The K-means clustering algorithm is used to group unlabeled data set instances into clusters based on similar attributes. It has a number of advantages over other types of machine learning models, including the linear models, such as logistic regression and Naive Bayes.

Here are the advantages:

Unlabeled Data Sets

A lot of real-world data comes unlabeled, without any particular class. The benefit of using an algorithm like K-means clustering is that we often do not know how instances in a data set should be grouped.

For example, consider the problem of trying to group viewers of Netflix into clusters based on similar viewing behavior. We know that there are clusters, but we do not know what those clusters are. Linear models will not help us at all with these sorts of issues.

Nonlinearly Separable Data

Consider the data set below containing a set of three concentric circles. It is nonlinearly separable. In other words, there is no straight line or plane that we could draw on the graph below that can easily discriminate the colored classes red, blue, and green. Using K-means clustering and converting the coordinate system below from Cartesian coordinates to Polar coordinates, we could use the information about the radius to create concentric clusters.

Simplicity

The meat of the K-means clustering algorithm is just two steps, the cluster assignment step and the move centroid step. If we’re looking for an unsupervised learning algorithm that is easy to implement and can handle large data sets, K-means clustering is a good starting point.

Availability

Most of the popular machine learning packages contain an implementation of K-means clustering.

Speed

Based on my experience using K-means clustering, the algorithm does its work quickly, even for really big data sets.

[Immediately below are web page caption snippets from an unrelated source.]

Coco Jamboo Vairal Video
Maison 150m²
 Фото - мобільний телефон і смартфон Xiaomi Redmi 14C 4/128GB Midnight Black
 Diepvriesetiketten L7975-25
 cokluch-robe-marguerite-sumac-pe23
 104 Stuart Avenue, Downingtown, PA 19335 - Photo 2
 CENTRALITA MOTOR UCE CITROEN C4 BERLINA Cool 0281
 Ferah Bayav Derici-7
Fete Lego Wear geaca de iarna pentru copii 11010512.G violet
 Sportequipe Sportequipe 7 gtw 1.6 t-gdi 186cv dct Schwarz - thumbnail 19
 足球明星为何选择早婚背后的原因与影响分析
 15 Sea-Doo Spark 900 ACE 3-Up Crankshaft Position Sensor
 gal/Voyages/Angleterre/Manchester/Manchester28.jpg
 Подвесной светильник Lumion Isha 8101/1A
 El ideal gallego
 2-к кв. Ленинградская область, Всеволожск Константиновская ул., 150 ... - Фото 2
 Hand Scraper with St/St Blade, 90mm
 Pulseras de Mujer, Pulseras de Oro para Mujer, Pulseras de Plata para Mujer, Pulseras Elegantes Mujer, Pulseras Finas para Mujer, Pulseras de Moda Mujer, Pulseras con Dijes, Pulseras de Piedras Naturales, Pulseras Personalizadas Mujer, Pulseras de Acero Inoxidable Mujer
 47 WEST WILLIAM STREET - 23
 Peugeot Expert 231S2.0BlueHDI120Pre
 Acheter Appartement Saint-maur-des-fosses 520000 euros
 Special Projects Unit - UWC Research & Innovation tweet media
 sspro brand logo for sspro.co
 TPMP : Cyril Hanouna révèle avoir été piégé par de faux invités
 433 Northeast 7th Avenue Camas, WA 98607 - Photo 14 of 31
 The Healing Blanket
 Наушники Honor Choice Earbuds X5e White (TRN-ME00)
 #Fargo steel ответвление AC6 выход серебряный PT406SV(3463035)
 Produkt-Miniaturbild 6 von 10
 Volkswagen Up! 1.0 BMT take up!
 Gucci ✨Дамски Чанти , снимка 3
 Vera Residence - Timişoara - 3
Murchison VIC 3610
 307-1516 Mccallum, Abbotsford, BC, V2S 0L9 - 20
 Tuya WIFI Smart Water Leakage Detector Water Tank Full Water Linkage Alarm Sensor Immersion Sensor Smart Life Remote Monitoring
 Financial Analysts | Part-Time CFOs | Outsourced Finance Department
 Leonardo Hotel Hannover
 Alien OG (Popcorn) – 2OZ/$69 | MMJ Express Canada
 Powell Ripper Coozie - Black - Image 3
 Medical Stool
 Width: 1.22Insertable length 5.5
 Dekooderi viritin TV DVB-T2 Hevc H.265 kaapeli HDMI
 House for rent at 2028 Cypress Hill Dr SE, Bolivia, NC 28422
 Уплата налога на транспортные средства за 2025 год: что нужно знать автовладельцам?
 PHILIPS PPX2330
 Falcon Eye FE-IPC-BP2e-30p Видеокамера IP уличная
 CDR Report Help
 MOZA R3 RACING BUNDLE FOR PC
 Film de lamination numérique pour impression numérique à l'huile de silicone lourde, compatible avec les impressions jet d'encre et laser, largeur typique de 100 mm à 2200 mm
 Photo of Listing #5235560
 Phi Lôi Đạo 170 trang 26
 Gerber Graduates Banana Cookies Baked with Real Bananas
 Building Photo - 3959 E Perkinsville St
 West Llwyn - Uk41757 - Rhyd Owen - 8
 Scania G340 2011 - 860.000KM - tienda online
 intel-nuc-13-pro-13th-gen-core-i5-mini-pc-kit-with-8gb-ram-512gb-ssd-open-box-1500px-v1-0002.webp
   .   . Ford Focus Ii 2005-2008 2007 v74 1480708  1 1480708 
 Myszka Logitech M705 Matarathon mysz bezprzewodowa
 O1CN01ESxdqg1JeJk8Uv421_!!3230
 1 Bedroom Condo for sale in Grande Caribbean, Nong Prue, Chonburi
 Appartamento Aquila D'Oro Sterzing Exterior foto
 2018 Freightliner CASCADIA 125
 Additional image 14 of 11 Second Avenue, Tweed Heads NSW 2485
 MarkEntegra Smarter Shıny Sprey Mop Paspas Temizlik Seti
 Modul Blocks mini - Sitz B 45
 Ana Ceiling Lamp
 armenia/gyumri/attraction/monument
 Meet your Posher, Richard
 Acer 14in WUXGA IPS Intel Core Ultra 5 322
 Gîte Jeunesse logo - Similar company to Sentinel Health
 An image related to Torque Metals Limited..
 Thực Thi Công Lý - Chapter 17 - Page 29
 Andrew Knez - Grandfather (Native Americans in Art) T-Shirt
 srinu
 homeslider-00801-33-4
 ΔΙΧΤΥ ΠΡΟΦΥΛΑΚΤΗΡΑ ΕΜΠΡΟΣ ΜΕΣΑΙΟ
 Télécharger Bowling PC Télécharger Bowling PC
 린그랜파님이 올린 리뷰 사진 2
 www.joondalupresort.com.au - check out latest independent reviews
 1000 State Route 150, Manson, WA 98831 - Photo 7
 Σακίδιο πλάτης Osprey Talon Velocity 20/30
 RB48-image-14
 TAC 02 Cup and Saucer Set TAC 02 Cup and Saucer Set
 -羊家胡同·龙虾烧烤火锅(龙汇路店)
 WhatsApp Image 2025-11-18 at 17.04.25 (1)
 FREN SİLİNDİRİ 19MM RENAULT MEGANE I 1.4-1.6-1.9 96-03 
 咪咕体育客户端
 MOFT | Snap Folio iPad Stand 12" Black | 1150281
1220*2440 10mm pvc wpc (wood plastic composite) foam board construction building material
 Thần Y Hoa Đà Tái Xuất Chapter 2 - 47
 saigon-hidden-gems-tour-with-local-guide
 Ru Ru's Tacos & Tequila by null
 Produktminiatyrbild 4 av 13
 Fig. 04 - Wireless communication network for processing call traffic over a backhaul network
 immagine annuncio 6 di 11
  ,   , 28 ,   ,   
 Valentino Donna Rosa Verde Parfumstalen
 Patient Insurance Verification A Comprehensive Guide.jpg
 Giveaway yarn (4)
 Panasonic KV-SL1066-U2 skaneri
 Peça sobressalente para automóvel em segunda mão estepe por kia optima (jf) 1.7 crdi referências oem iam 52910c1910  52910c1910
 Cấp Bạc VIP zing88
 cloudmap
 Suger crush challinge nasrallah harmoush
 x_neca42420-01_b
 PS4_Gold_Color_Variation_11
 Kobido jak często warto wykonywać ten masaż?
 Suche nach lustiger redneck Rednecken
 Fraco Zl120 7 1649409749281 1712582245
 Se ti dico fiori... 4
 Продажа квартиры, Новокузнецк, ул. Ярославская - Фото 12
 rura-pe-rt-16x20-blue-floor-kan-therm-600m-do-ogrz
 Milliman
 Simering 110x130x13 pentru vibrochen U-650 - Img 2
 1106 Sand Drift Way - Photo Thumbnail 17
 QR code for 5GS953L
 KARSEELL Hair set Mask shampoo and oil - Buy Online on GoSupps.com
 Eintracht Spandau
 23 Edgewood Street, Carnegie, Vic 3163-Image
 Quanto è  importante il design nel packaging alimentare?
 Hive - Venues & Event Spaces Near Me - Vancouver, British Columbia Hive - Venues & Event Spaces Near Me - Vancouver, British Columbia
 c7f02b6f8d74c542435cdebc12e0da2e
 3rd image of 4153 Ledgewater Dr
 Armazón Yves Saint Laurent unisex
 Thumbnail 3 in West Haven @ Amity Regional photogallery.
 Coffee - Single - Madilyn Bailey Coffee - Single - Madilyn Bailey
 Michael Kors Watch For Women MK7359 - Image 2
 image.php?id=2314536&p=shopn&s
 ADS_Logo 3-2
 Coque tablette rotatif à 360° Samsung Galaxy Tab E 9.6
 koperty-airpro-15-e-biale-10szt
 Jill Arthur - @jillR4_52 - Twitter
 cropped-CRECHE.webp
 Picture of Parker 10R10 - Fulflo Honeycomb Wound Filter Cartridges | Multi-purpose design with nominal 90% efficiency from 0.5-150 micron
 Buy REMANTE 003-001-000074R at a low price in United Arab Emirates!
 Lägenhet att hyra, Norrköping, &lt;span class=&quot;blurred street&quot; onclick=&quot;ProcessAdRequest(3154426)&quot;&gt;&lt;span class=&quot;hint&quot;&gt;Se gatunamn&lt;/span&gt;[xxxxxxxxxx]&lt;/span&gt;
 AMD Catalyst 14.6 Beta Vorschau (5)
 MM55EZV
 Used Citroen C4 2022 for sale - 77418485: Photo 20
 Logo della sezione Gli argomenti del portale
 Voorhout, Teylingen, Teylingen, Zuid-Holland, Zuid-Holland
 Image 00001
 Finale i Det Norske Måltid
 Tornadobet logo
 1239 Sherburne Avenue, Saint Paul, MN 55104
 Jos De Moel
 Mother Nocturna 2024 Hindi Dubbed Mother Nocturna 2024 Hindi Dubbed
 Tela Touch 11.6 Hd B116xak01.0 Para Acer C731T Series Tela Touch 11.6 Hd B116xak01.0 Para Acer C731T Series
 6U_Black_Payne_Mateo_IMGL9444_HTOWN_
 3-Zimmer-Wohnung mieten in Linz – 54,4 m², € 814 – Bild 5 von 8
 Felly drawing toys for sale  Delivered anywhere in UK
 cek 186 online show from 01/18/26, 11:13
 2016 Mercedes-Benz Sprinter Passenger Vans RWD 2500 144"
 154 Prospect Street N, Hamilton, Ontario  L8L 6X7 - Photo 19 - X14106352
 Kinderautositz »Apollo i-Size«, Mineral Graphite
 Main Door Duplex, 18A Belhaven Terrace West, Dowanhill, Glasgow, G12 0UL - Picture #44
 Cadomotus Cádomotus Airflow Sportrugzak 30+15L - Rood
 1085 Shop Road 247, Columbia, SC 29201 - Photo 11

In this post, I will walk you through the k-means clustering algorithm, step-by-step. We will develop the code for the algorithm from scratch using Python. We will then run the algorithm on a real-world data set, the iris data set (flower classification) from the UCI Machine Learning Repository. Without further ado, let’s get started!

The K-means algorithm is an unsupervised clustering algorithm (the target variable we want to predict is not available) that is used to group unlabeled data set instances into clusters based on similar attributes.

Step 1: Choose a Value for K and Select the Initial Centroids

The first step of K-means is to determine the valve for k, the number of clusters you want to group your data set into. We then randomly select k cluster centroids (i.e. k random instances) from the data set, where k is some positive integer.

Step 2: Cluster Assignment

The next step is the cluster assignment step. This step involves going through each of the instances and assigning that instance to the cluster centroid closest to it.

Step 3: Move Centroid

The next part is the move centroid step. We move each of the k centroids to the average of all the instances that were assigned to that cluster centroid.

Step 4: Repeat Steps 2 and 3 Until Centroids Stop Changing

We keep running the cluster assignment and move centroid steps until the cluster centroids stop changing. At that point, the data is deemed clustered.

Andrew Ng, a professor of machine learning at Stanford University, does a good job of showing you visually how k-means clustering works:

The first thing we need to do is preprocess the iris data set so that it meets the input requirements of both algorithms. Below is the required data format. I downloaded the data into Microsoft Excel and then made sure I had the following columns:

Columns (0 through N)

0: Instance ID

1: Attribute 1

2: Attribute 2

3: Attribute 3

…

N: Actual Class (used for classification accuracy calculation)

The program then adds 4 additional columns.

N + 1: Cluster

N + 2: Silhouette Coefficient

N + 3: Predicted Class

N + 4: Prediction Correct? (1 if yes, 0 if no)

Here is what your data set should look like:

The iris data set contains 3 classes of 50 instances each (150 instances in total), where each class refers to a different type of iris flower. There are 4 attributes in the data set.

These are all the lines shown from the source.